(WORKING DATA):
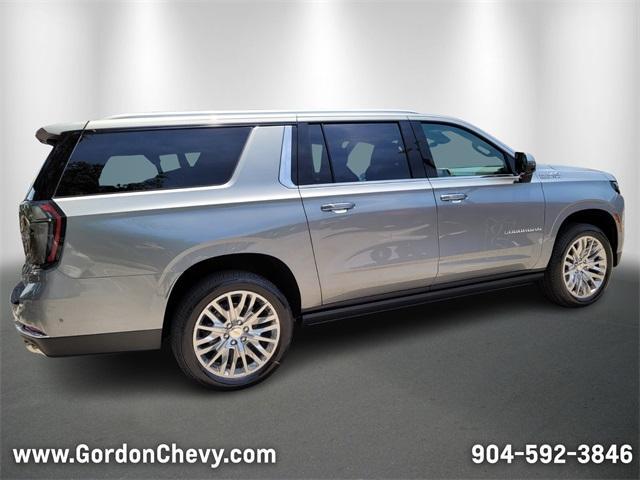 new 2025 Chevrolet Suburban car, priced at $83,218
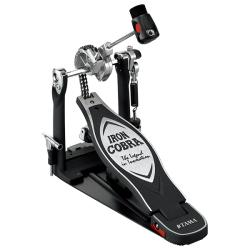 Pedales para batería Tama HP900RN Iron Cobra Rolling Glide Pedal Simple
---
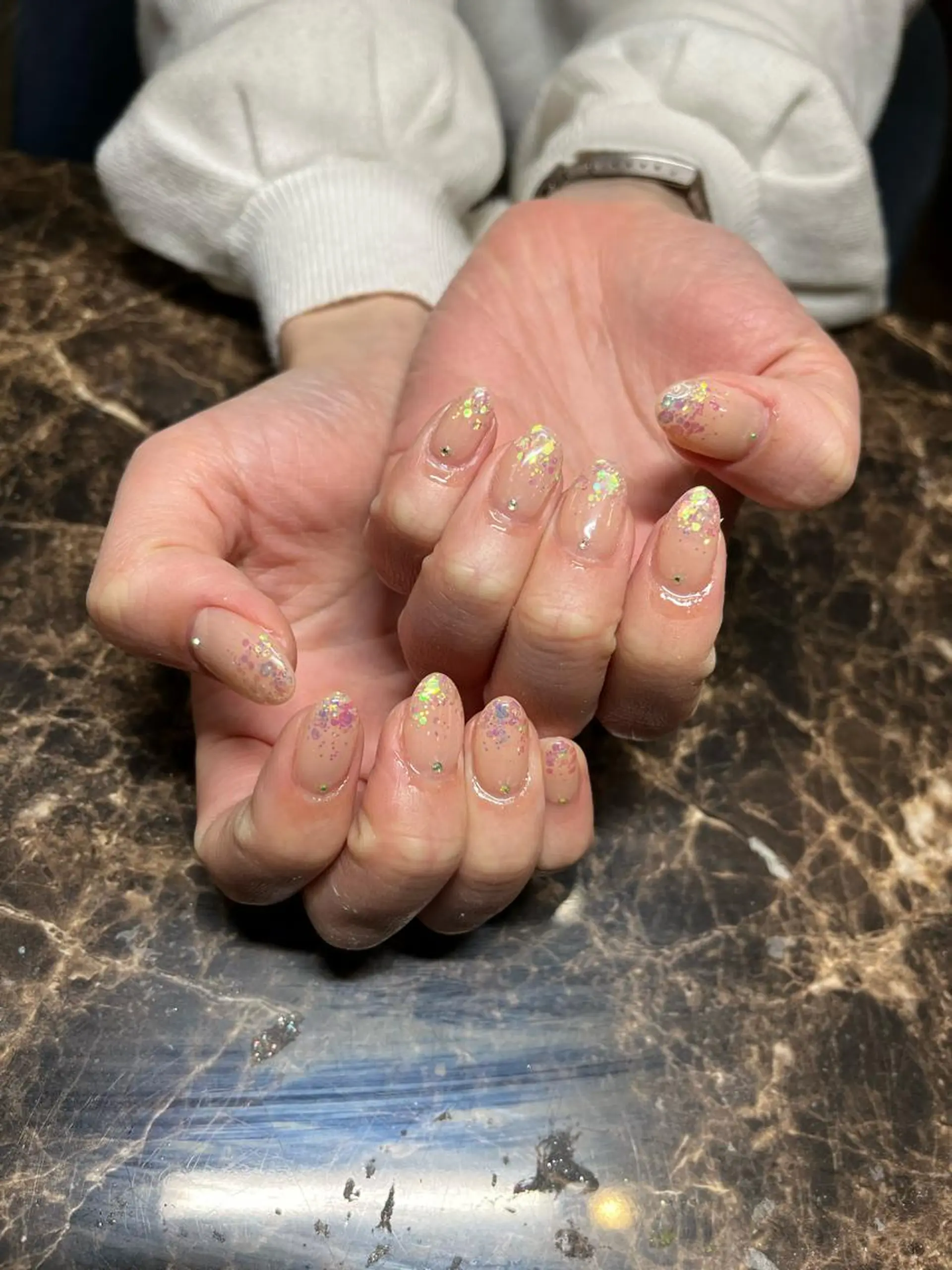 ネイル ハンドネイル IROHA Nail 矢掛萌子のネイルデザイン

(TASK TO CARRY OUT): Set down, exactly as written above, each line from the one with "new 2025 Chevrolet" through the one with "Pedales para batería", and skip the pictures.

(WRITTEN RESPONSE):
 new 2025 Chevrolet Suburban car, priced at $83,218
 Pedales para batería Tama HP900RN Iron Cobra Rolling Glide Pedal Simple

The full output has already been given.